History of India at the tournament

Since the beginning of the tournament, India have won eight medals so far. In 2006, Olympics bronze medallist Saina Nehwal bagged the silver medal -- the first Indian ever to win a medal at the tournament. After defeating Korea's Bae Youn-Joo 25-23, 21-13 in the semi-finals, Saina went down against China's Wang Yihan 21-13, 21-9 in the finals to settle with a silver. Saina turned professional in 2006 and after two years of training, she became the first Indian woman to win the World Junior Badminton Championships which was held in Pune in 2008. Saina beat Japanese rival Sayaka Sato 21-9 21-18 in just 25 minutes to bag the coveted gold medal. It has been 11 years and India is yet to win another gold in the tournament.

Saina Nehwal became the first Indian woman to win the World Junior Badminton Championships which was held in Pune in 2008.

Apart from Saina, all the other medals won by Indians have been in the boys' singles category. While Saina claimed the top honours in 2008, it was Gurusai Dutt who was the first one to win a medal in the boys' singles event. He won the bronze after losing 16–21, 21–17, 17–21 to China's Wang Zhengming.

In 2010, Sai Praneeth and H S Prannoy had their moment of glory where in Mexico, where both of them finished with bronze medals in their bags in the semi-final stage. While Praneeth was defeated by Denamark's Viktor Axelsen 19-21, 21-15, 21-15, Prannoy went down against Korea's Kang Ji Wook 21-13, 21-9.

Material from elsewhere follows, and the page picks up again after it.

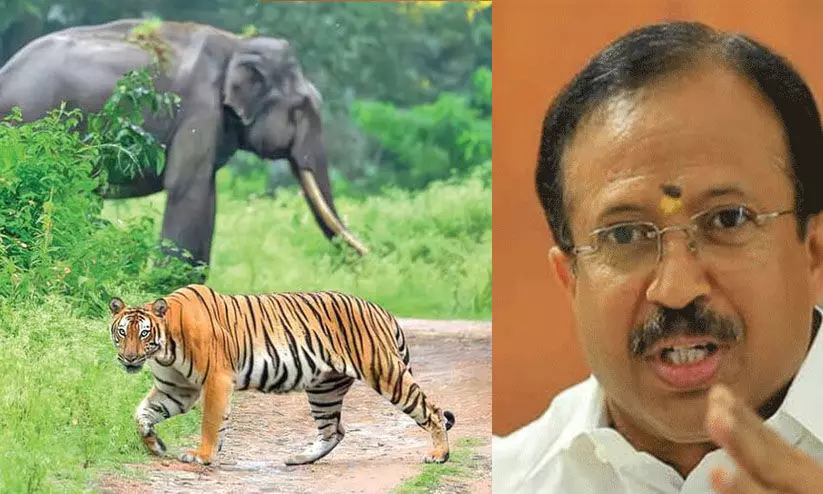 ബജറ്റ്: ആനയെയും കടുവയെയും ഉള്‍പ്പെടുത്തി കോണ്‍ക്ലേവ് ആകാമായിരുന്നു-വി. മുരളീധരൻ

Sameer Verma finished the 2011 edition of the World Youth Badminton Championships with a bronze. After an impressive run to the semifinal following a 21-15, 21-16 victory over Hong Kong's Ng Ka Long in the quarters, Sameer was outplayed by Axelsen 21-19, 21-19.

Lakshya Sen finished with a bronze at the 2018 edition
Lakshya Sen finished with a bronze at the 2018 edition

In 2015, Siril Verma became the second Indian to reach the finals of the tournament after Saina Nehwal. In the summit clash of the boys' singles event, Siril was defeated by Chinese Taipe's Chia Hung Lu 17-21, 21-10, 21-7.

India's Lakshya Sen, who has now moved to senior level, was the fourth-seeded in the 2018 edition and he finished with a bronze at Markham, Canada. Lakshya Sen was up against the top seed and world junior number one Kunlavut Vitidsarn of Thailand and could not overcome the huge challenge 22-20, 16-21, 13-21 and bowed out with a bronze.